The naming ceremony was incredible, and I am beginning to realize that the things I am so privileged to be experiencing are really unique—there would have been no way for me to see this kind of celebration—especially in this neighborhood—if Alphousseyni hadn’t taken me there. I already described the unique way he played kora at the naming ceremony, but I can’t get that sound out of my head. Hopefully I’ll be able to make some good recordings of him playing with the two “boys” (I think they’re actually my age) furiously smacking the sides and top of his beautiful instrument with sticks. I guess koras aren’t really that fragile after all!

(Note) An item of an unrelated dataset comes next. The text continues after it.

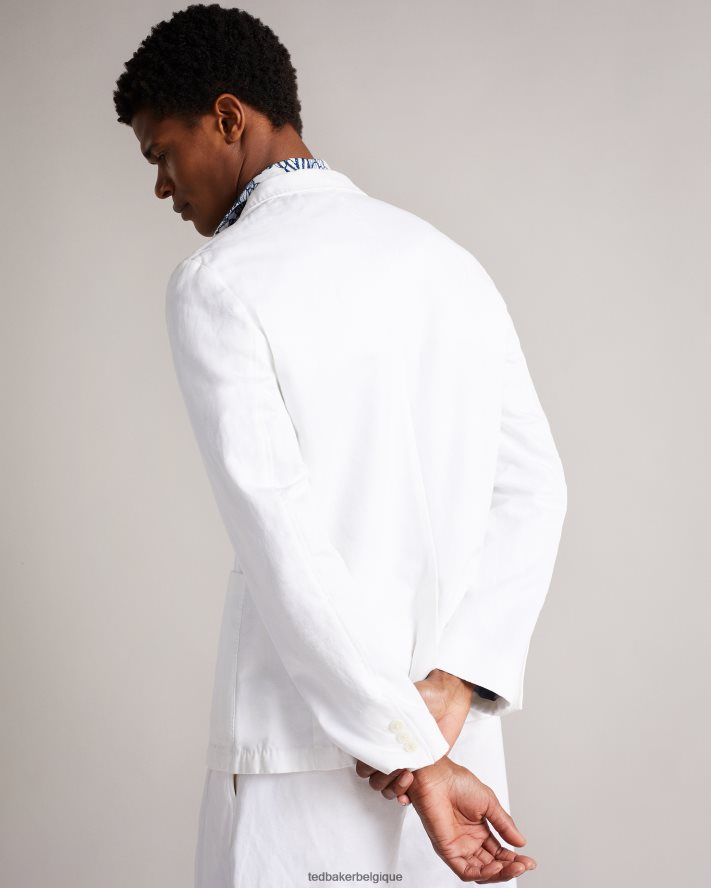 être Ted Baker Hommes blazer croisé ithon en ottoman blanc FR8J421398 vêtements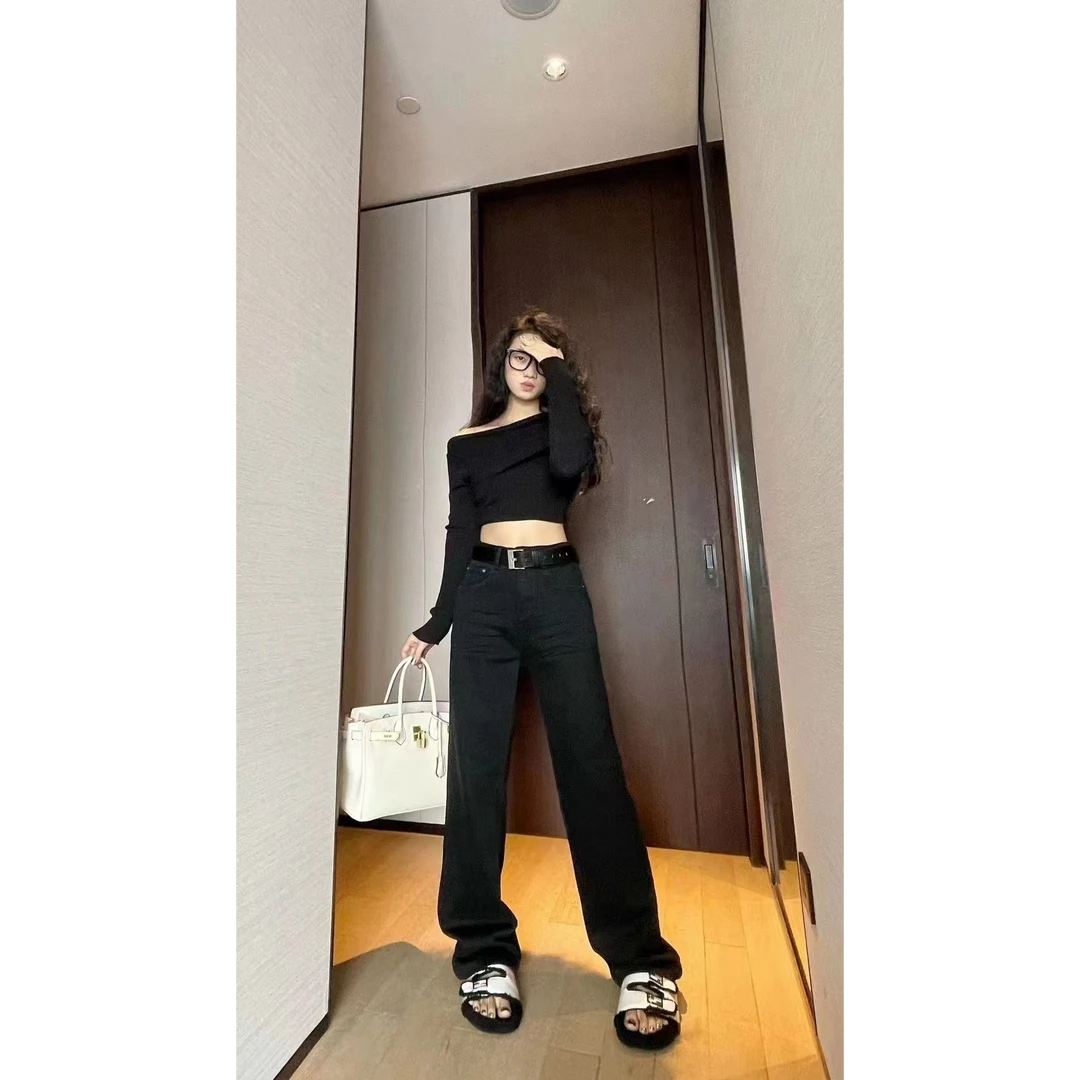 2024冬欧货新款高腰显瘦加绒女士窄版堆堆裤直筒牛仔裤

Just for your information (all three of you who read this blog), after tomorrow I will be pretty out of touch…there are no “cybers” in the rural area we will be traveling in for the next ten days, so I will not have access to email or the “lime green wonder” until I get back. My phone will still work, but other than that I’ll be cut off from the outside world…I will probably be a changed person—much wiser, with even more remarkably high levels of consciousness and self-actualization—after ten days of forced separation between me and technological sophistication. Kind of like Thoreau, only in Senegal, which is much cooler than New England. Actually, I will probably miss whining on this blog and having the opportunity to check scores on ESPN.com.

Hope you are doing well and miss you all!